Le charme discret du paternalisme
Il fut un temps où des patrons se préoccupaient de la formation et du bien-être du personnel. Qui pense élever une stèle à ceux d'aujourd'hui?
- Publié le 31-05-2008 à 10h00
C'est grâce à une souscription faite au sein du personnel que fut érigée en 1949 une stèle à la mémoire de Paul Henricot, fils du fondateur des Usines Émile Henricot (UEH). Les ravages du temps n'épargnèrent ni la pierre bleue ni le médaillon en bronze dû à Alfred Courtens, celui qui a notamment réalisé les statues équestres de Léopold II à Ostende et d'AlbertIer au Mont-des-Arts à Bruxelles.
Sa restauration a donné lieu à une cérémonie à laquelle assistait l'arrière-petit-fils du fondateur, Paul Henricot.
Beaucoup de bâtiments témoignent encore de l'attachement de la dynastie Henricot à leur terroir et au bien-être de leur personnel.
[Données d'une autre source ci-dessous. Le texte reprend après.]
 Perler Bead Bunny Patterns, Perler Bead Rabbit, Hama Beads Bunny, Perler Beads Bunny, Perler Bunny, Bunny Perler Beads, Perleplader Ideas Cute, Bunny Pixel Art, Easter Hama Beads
Tel le Foyer Populaire, superbe salle polyvalente édifiée en 1913, qui continue aujourd'hui à se délabrer faute de crédits.
L'iconographie présente au Parc à Mitrailles montre également le souci de formation permanente des ouvriers employés par les UEH. On y voit de nombreuses photographies des promotions des Ateliers professionnels, fondés à la fin du 19e siècle au sein de l'usine, qui deviennent en 1954 l'Institut technique de l'État, aujourd'hui ITP.
Les professeurs étaient des ingénieurs et contremaîtres aux UEH. Ils assuraient la formation des jeunes et faisaient acheter les mêmes machines que l'on trouvait dans l'usine. À l'issue de la formation, les jeunes trouvaient automatiquement du boulot.
Cette vision d'un certain capitalisme fut appelée dédaigneusement paternalisme et chargée de tous les maux. On fait beaucoup mieux aujourd'hui: emplois précaires, délocalisations, seuil de pauvreté pour 20% des travailleurs. C'est le progrès.
Des photos, on en trouve également dans un wagon du type «six chevaux, cent hommes» qui stationne devant le Parc à Mitrailles. L'une d'entre elles, datant des années50, montre un groupe d'ingénieurs et de cadres Indiens du groupe Tata, venus s'enquérir des techniques industrielles en usage chez Henricot. Les conseils durent être bons. Les groupes Tata et Mittal contrôlent de nos jours la moitié de la sidérurgie mondiale et gagnent beaucoup d'argent. Personne n'est parfait.